E, todavia, sabemos muito pouco uns dos outros, ou não sabemos o suficiente. Não apenas porque as realidades, os problemas e as realizações nos nossos países não constam, com a constância devida, das agendas (das pautas...) dos nossos sistemas mediáticos, mas também porque se mantêm constrangimentos incompreensíveis.

Não deixa de ser incompreensível, por exemplo, que os cidadãos da Comunidade dos Países de Língua Portuguesa continuem a carecer de visto para as deslocações entre países.
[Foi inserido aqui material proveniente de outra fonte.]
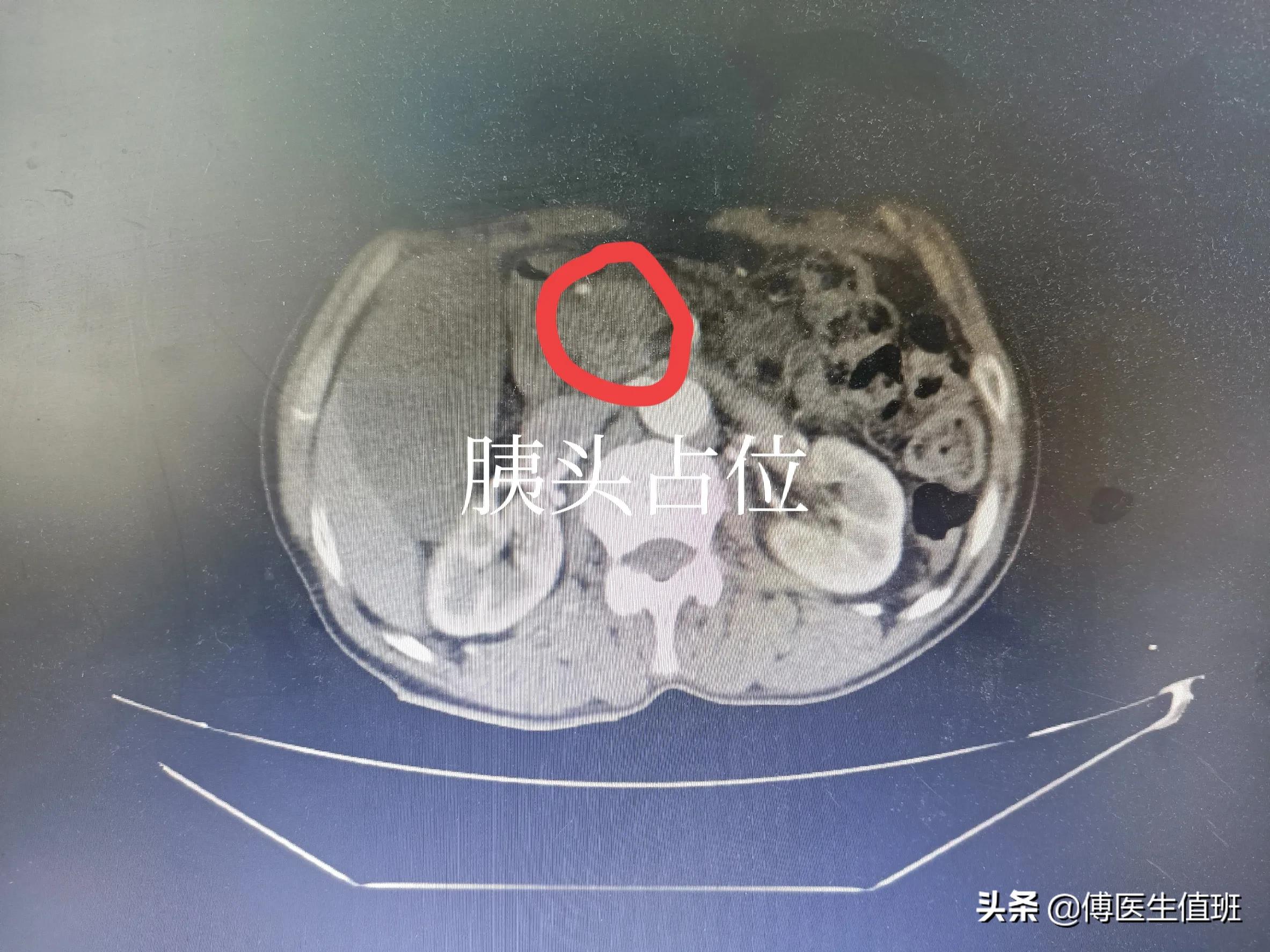 男子吃鸡后腹胀、腹泻，医院检查发现转氨酶升高，医生：胰腺肿瘤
Desde logo, parece estranha a contradição entre a semântica e a política, justamente porque “Comunidade” nos conduz à ideia generosa da partilha de algo que deve ser comum – o espaço lusófono, por exemplo.

Mas é ainda mais incompressível é que essa restrição abranja os jornalistas.
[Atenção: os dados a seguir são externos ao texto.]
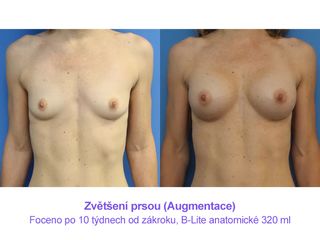 Zvětšení prsou (Augmentace)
Não é que os jornalistas reivindiquem um estatuto especial. Mas se é necessário começar por algum lado, por algum grupo profissional, não é excessivo propor, reivindicar mesmo, que se comece pelos jornalistas.
Os jornalistas são os olhos e os ouvidos do pulsar do mundo. São muitas vezes os primeiros embaixadores da reconciliação entre povos; são instrumentos de difusão de informações vitais à compreensão dos outros; são vectores de paz e de cooperação.

Por isso, os jornalistas devem gozar de livre deslocação entre estados, especialmente entre estados que se agrupam designadamente para fins de cooperação, pois não faz sentido nem há qualquer razão para aceitar que a realização de uma reportagem, seja a que pretexto for, continue hoje dependente da concessão de vistos que podem demorar prazos de tal modo excessivos que se tornam inúteis quando – e se – são concedidos.

Senhor Secretário Executivo da CPLP, permita-me que aproveite a presença e V. Exa. neste acto público de anúncio da novel federação de jornalistas para transmitir-lhe o apelo do Sindicato dos Jornalistas portugueses para que, na medida das suas possibilidade e no quadro do seu mandato, sensibilize os governos dos países da comunidade lusófona para a necessidade do levantamento dos constrangimentos à circulação livre e expedita de jornalistas no seu espaço.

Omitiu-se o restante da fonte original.